J’affirmerais que la vaste majorité des gens avec qui j’ai travaillé au sein de ce milieu sont parmi les personnes les plus éthiques et les plus responsables que j’ai rencontrées. À la lecture des dispositions de ce projet de loi, où l’on définit l’infraction comme étant le fait de tuer un animal sauvagement, en le brutalisant ou sans se soucier des conséquences de son acte, ces personnes pourront se demander si elles ne risquent pas de se retrouver en prison pour avoir pris un doré et l’avoir assommé dans le bateau avant de le rapporter à la maison.
Le parrain du projet voudrait nous faire croire qu’il n’en est rien, et je crois en sa bonne foi. Cela dit, comment le savoir avec certitude? En voici un exemple.
Les défenseurs des droits des animaux saisissent chaque occasion possible de faire avancer leur cause. Cela ne pose aucun problème. C’est leur droit. Ils peuvent bien faire ce qu’ils veulent, tant que cela est permis par la loi. Nous vivons dans une société libre et ouverte, et c’est leur droit d’agir ainsi. Cependant, voici un exemple de situation où les choses peuvent déraper. Cela concerne le secteur agricole.
Nous savons qu’ils installent parfois des caméras dans les installations d’élevage pour parvenir à certaines fins. Parfois le résultat est positif et parfois il ne l’est pas. Je peux cependant affirmer qu’un certain nombre d’électeurs sont venus à moi pour me signaler, documents à l’appui, que leur exploitation faisait l’objet de harcèlement de la part de certains. Il s’agit de personnes qui arrivent sur les lieux en voiture, qui se garent en toute légalité en bordure de la route, puis qui photographient et documentent les pratiques d’élevage. J’ai moi-même entendu des appels et des enregistrements de personnes qui avaient laissé des messages de menace sur la boîte vocale d’exploitations familiales sous prétexte que le type d’élevage pratiqué par ces exploitations ne leur plaisait pas. Ce sont les mêmes personnes qui œuvrent auprès d’organismes comme PETA ou tout autre groupe de défense des droits des animaux. Je ne prétends pas que toutes ces personnes poursuivent les mêmes objectifs, mais il y en a certainement qui utilisent ce genre de méthodes et de techniques pour intimider, voire pour entraîner la fermeture des exploitations agricoles. Ces gens deviennent les détenteurs autoproclamés du droit d’agir au nom du reste de la société au regard de telles questions et recourent à ces méthodes dans la poursuite de leurs propres intérêts.

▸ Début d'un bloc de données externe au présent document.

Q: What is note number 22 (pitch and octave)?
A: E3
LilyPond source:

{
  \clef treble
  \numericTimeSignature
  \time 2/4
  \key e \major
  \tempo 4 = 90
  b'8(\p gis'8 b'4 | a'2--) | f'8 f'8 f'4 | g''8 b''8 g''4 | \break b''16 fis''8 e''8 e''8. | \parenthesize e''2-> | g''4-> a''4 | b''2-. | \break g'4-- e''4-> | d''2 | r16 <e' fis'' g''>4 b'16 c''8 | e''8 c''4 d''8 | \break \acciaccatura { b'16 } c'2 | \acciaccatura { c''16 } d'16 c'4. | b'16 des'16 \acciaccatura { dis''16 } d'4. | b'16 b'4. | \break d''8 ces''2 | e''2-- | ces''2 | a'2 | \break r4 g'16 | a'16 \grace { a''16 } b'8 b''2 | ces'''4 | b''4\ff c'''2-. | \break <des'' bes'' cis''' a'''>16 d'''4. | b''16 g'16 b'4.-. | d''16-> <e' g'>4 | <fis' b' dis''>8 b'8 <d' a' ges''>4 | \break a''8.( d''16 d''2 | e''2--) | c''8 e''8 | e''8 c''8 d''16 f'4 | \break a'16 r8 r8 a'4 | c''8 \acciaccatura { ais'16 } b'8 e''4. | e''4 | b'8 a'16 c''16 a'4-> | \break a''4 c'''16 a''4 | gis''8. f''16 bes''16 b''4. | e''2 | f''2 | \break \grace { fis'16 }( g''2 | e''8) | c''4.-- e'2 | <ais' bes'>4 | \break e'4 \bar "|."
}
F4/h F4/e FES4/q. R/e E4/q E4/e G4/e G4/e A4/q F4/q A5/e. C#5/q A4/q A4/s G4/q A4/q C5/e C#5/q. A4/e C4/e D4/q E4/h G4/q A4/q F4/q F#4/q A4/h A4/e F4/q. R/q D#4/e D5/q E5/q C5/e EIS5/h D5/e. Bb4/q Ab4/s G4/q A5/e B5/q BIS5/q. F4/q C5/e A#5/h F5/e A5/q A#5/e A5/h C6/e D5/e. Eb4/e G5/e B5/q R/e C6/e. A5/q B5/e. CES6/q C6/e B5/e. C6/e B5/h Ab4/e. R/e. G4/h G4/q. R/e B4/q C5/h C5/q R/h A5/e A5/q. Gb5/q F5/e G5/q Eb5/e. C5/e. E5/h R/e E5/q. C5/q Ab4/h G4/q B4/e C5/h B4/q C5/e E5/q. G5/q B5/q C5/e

Bien honnêtement, je crains que si le projet était adopté dans sa forme actuelle, nous donnerions énormément d’occasions et de raisons à d’innombrables personnes d’invoquer la loi. Elles auraient simplement besoin d’un juge coopératif et d’un simple cas de négligence.

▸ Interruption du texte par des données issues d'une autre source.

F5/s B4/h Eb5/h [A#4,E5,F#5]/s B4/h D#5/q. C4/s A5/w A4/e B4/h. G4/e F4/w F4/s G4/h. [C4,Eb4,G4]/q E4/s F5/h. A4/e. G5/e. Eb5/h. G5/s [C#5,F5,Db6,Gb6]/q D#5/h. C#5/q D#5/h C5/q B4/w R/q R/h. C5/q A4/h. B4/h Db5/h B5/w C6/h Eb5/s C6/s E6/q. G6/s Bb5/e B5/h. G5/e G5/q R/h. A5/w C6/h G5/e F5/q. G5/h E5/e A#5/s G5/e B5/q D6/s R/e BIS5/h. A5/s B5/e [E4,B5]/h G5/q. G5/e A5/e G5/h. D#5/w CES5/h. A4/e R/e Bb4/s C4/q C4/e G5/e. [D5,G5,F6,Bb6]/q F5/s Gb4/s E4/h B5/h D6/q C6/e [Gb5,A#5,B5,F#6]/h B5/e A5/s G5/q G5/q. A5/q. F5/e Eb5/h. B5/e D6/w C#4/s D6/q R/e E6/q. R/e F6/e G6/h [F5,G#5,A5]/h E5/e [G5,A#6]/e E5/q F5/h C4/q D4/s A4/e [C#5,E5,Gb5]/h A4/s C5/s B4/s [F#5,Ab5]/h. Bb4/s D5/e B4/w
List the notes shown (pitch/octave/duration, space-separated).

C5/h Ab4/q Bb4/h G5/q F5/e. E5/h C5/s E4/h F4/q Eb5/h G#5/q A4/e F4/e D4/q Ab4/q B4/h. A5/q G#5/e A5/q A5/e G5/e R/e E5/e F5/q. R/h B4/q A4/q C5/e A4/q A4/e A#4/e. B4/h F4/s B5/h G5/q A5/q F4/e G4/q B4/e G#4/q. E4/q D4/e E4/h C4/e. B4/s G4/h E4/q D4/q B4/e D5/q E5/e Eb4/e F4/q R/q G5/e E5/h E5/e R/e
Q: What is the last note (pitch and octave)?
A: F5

À l'heure actuelle, pour qu'on puisse inculper une personne d'infraction criminelle, la situation doit répondre à des critères très exigeants. C'est tout à fait normal, puisque les infractions criminelles sont des infractions graves. Selon les dispositions du projet de loi, une légère négligence pourrait être traitée comme une infraction criminelle. Comment cela est-il possible?

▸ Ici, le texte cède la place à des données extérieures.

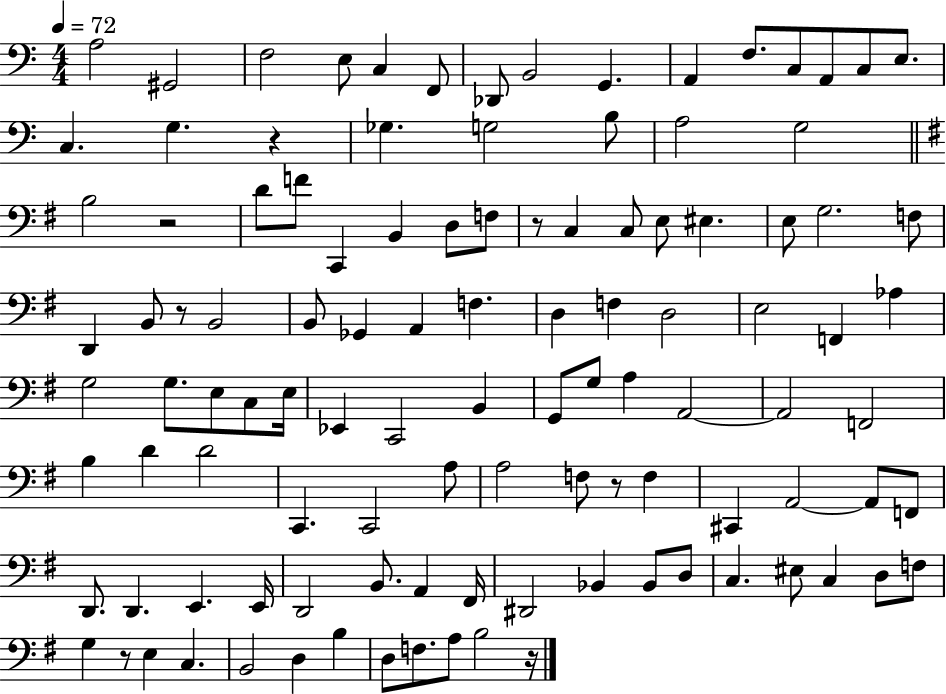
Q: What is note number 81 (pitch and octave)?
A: D2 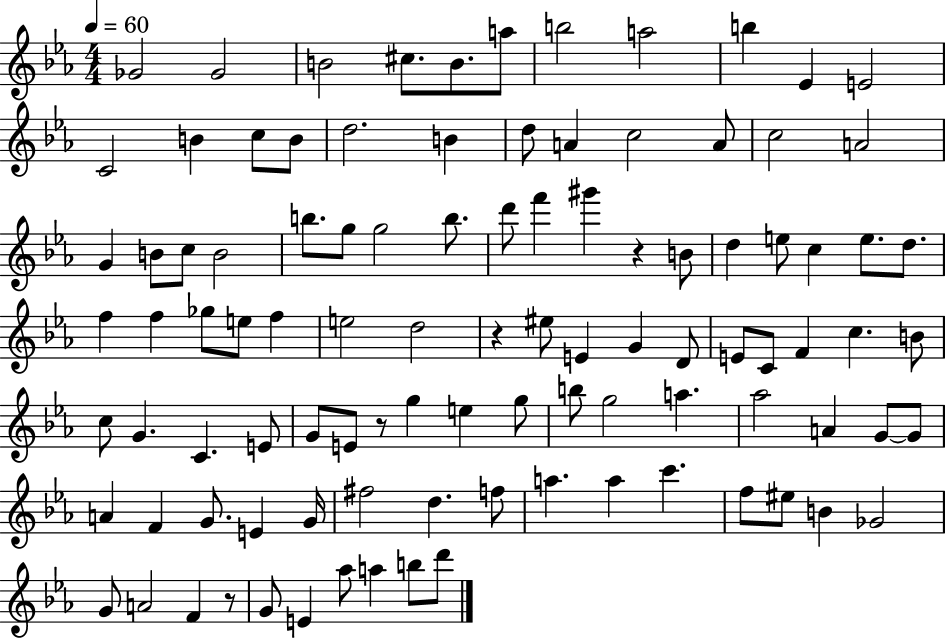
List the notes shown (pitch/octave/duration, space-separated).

Gb4/h Gb4/h B4/h C#5/e. B4/e. A5/e B5/h A5/h B5/q Eb4/q E4/h C4/h B4/q C5/e B4/e D5/h. B4/q D5/e A4/q C5/h A4/e C5/h A4/h G4/q B4/e C5/e B4/h B5/e. G5/e G5/h B5/e. D6/e F6/q G#6/q R/q B4/e D5/q E5/e C5/q E5/e. D5/e. F5/q F5/q Gb5/e E5/e F5/q E5/h D5/h R/q EIS5/e E4/q G4/q D4/e E4/e C4/e F4/q C5/q. B4/e C5/e G4/q. C4/q. E4/e G4/e E4/e R/e G5/q E5/q G5/e B5/e G5/h A5/q. Ab5/h A4/q G4/e G4/e A4/q F4/q G4/e. E4/q G4/s F#5/h D5/q. F5/e A5/q. A5/q C6/q. F5/e EIS5/e B4/q Gb4/h G4/e A4/h F4/q R/e G4/e E4/q Ab5/e A5/q B5/e D6/e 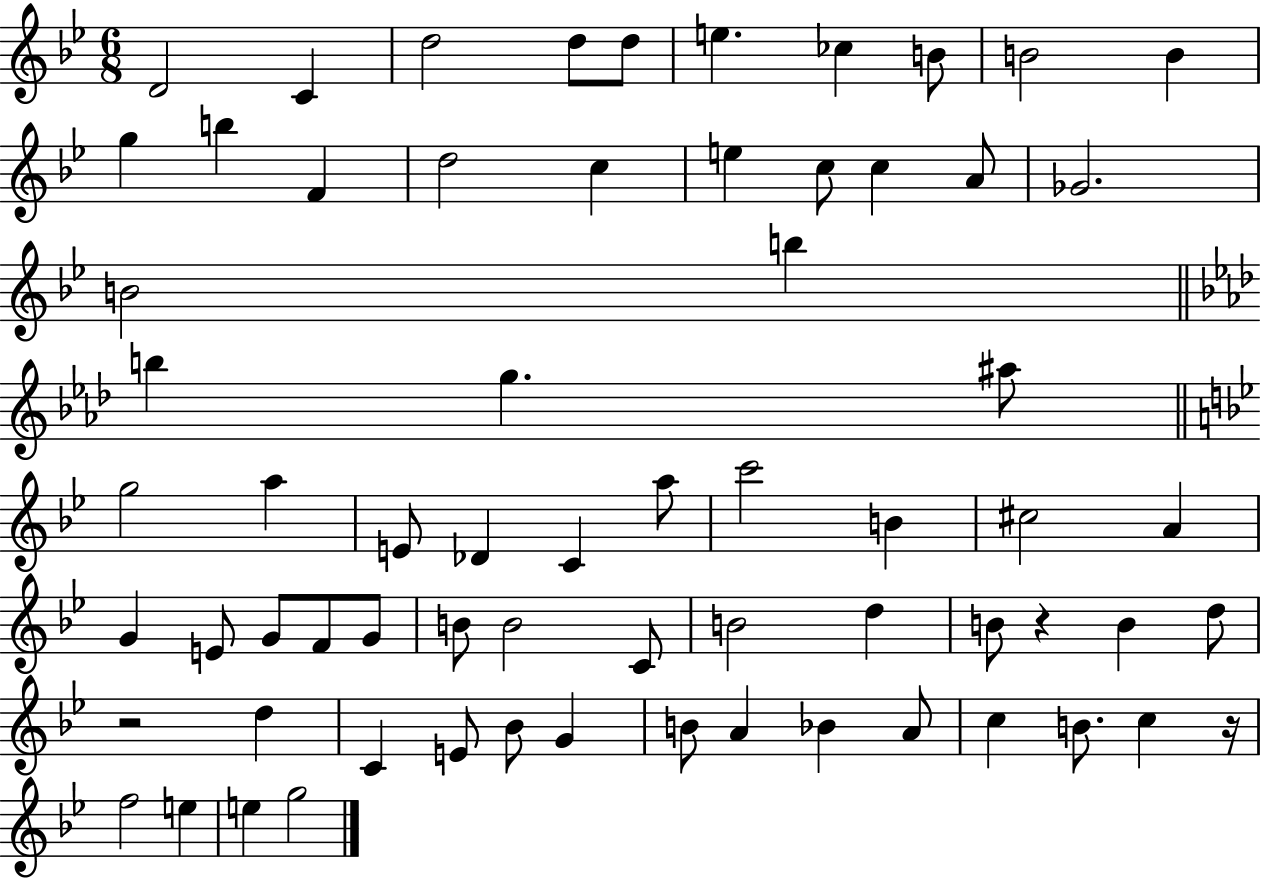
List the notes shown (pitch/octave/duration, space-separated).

D4/h C4/q D5/h D5/e D5/e E5/q. CES5/q B4/e B4/h B4/q G5/q B5/q F4/q D5/h C5/q E5/q C5/e C5/q A4/e Gb4/h. B4/h B5/q B5/q G5/q. A#5/e G5/h A5/q E4/e Db4/q C4/q A5/e C6/h B4/q C#5/h A4/q G4/q E4/e G4/e F4/e G4/e B4/e B4/h C4/e B4/h D5/q B4/e R/q B4/q D5/e R/h D5/q C4/q E4/e Bb4/e G4/q B4/e A4/q Bb4/q A4/e C5/q B4/e. C5/q R/s F5/h E5/q E5/q G5/h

L'extrait que voici est tiré de la section sur la peine:
[...] s’il est le propriétaire d’un animal ou la personne qui en a la garde ou le contrôle, l’abandonne volontairement ou sans se soucier des conséquences de son acte [— « sans se soucier des conséquences » n'est défini nulle part —] ou, par négligence, omet de lui fournir la nourriture, l’eau, l’air, l’abri et les soins convenables et suffisants;
Peut-être considérera-t-on que le propriétaire n'a pas fourni des soins suffisants s'il n'a pas brossé le poil de son chien. Il risquerait alors de se retrouver avec un casier judiciaire.
Ces éléments font frémir d'horreur non seulement certains secteurs de l'industrie, mais aussi la communauté des chasseurs et des pêcheurs.
Nous souhaitons tous que les animaux soient protégés par des normes solides. Certaines parties du projet de loi amélioreraient leur bien-être. Ainsi, je trouve tout à fait inacceptable, comme le député, d'élever des animaux pour les combats, les paris ou autre chose du genre, et je crois que presque tous les Canadiens abonderaient dans le même sens. Si le projet de loi s'en tenait là, je suis certain que le député aurait l'appui d'une forte majorité à la Chambre. J'espère, sans méchanceté, que la trop vaste portée du projet de loi l'empêchera de passer à l'étape de la deuxième lecture.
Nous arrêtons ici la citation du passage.